Exercise goal
What is the count of lines in the listing below that hold the string "Adult"? Reply with that number alone.
- - - - -
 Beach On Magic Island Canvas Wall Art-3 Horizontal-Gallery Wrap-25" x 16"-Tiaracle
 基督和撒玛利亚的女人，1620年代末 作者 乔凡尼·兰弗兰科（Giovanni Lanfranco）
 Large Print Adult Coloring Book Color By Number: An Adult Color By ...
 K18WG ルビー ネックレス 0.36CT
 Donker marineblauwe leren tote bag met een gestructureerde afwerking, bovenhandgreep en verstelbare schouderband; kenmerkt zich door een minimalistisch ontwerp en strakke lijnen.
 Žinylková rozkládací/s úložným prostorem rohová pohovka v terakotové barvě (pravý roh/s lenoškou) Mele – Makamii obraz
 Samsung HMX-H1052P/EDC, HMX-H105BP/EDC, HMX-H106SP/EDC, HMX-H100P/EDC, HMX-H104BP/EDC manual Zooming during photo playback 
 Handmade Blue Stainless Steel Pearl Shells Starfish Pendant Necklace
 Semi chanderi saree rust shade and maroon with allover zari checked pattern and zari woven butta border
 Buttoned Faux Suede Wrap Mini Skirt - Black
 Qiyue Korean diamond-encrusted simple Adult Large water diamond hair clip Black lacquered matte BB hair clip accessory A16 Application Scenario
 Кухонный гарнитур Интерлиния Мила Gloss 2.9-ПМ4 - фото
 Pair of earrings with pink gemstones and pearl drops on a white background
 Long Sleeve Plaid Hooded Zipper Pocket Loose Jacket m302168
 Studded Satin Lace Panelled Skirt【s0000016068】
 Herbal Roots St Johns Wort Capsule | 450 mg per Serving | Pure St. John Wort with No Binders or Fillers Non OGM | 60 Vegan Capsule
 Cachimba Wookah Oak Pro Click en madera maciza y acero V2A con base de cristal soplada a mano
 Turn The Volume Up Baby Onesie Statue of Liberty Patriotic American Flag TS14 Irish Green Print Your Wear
- - - - -
Answer box
2